Mieszkańcy Brazylii, trzeciej na liście "niebezpiecznych" krajów Ameryki Południowej - po Kolumbii i Wenezueli - niezbyt chętnie wyzbywają się posiadanej broni. Niewiele osób odpowiada na wezwania rządu. Nie kuszą ich nawet ekwiwalenty pieniężne oferowane za zwróconą broń.

Na drodze do rozbrojenia cywilnej ludności kraju stoją "interesy ekonomiczne" i zakorzeniona w społeczeństwie "kultura przemocy" - oświadczył dziś minister sprawiedliwości Jose Eduardo Cardozo. Ludzie wierzą, że mając w domu broń są bezpieczni, ale to przekonanie kompletnie odbiega od rzeczywistości - dodał.

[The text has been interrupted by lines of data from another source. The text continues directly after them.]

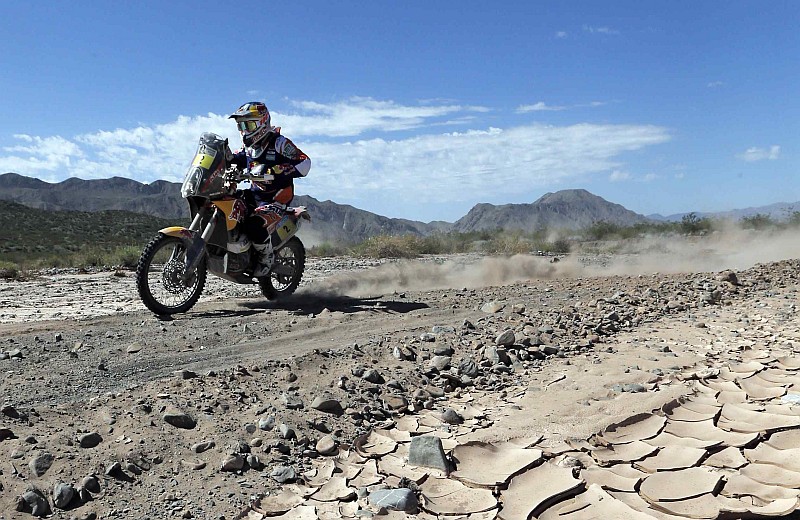 Marc Coma assume liderança do Dakar ao cruzar a linha de chegada da etapa desta quinta-feira em Tucumán, na Argentina | Jean-Paul Pelissier / Reuters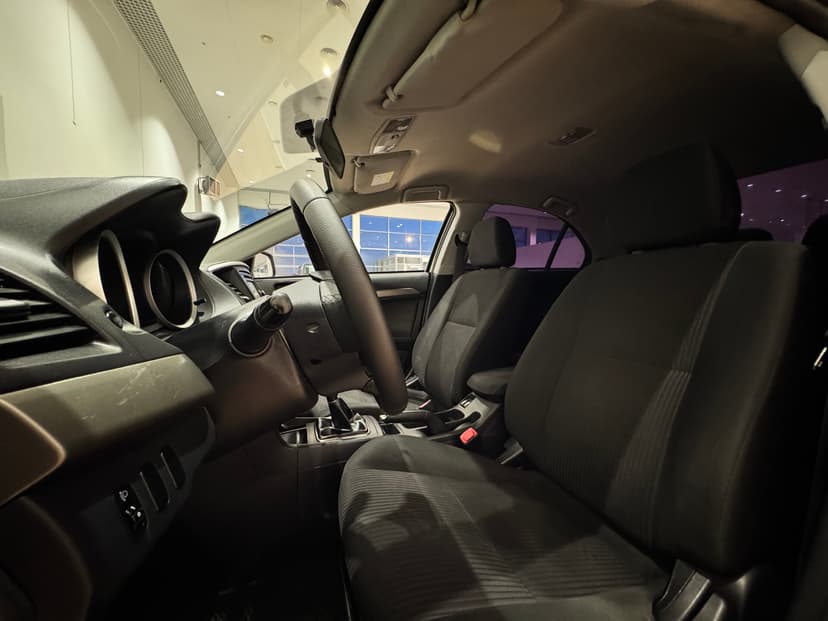 mitsubishi-lancer-2013-974-22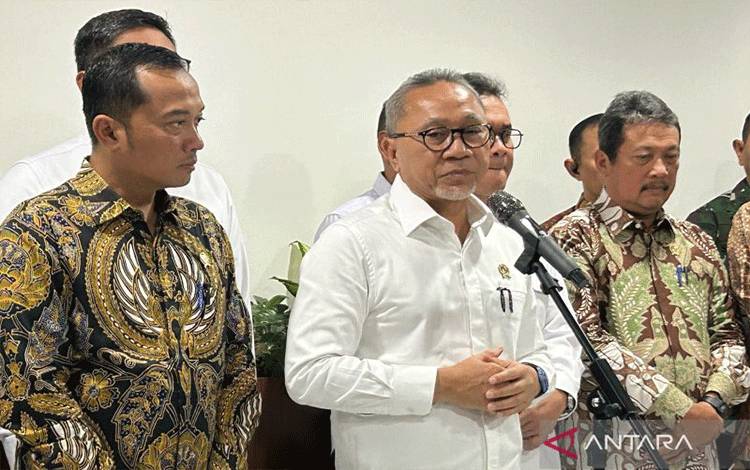 Menko Zulkifli: Total Anggaran Bulog Rp39 Triliun untuk Serap Beras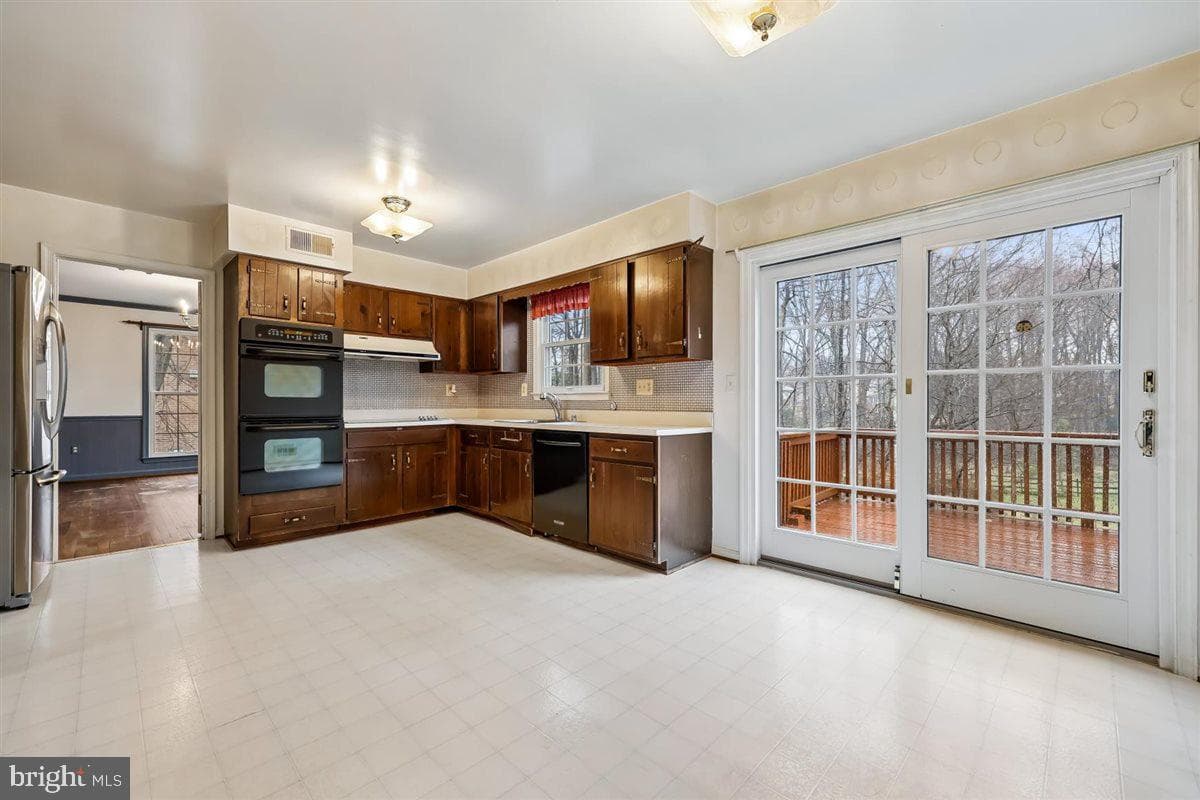 13724 Bridgewater Drive photo 28
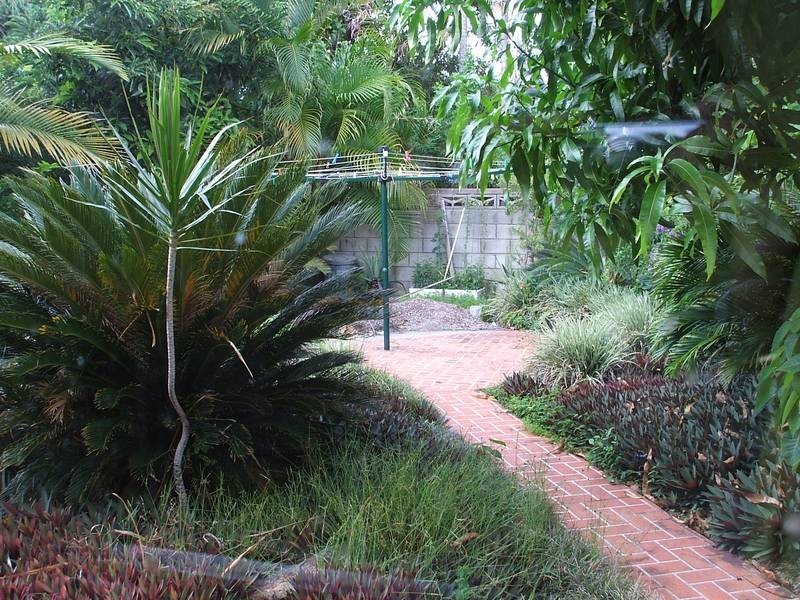 2/22 Sunbrite Avenue, Mermaid Beach QLD 4218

Dziś ONZ rozpowszechniła swą listę "najniebezpieczniejszych" krajów Ameryki Południowej.

"Generalne Studium w sprawie Zabójstw" opublikowane przez genewskie oenzetowskie Biuro do walki z narkotykami i przestępczością podało, że w Brazylii na każde 100 000 ludności przypada 22,7 zabójstw, w Wenezueli - 49 i w Kolumbii - 33,4.

Wiele inicjatyw podejmowanych przez rząd na rzecz rozbrojenia zderza się z "kulturą przemocy" panującą w społeczeństwie oraz z interesami ekonomicznymi wytwórców broni - mówił Cardozo.

Mimo to w toku kolejnej kampanii na rzecz rozbrojenia - rząd prowadzi je od 2004 roku - Brazylijczycy złożyli na komisariatach policji 25 000 sztuk niezadeklarowanej, czyli posiadanej bez zezwolenia, broni palnej, którą oddawali w zamian za rekompensatę materialną.

Po raz pierwszy zwracano również ciężkie uzbrojenie - powiedział minister Cardozo. Jako jeden z przykładów podał oddanie władzom przez cywilnych obywateli na zasadach anonimowości 50 karabinów szturmowych.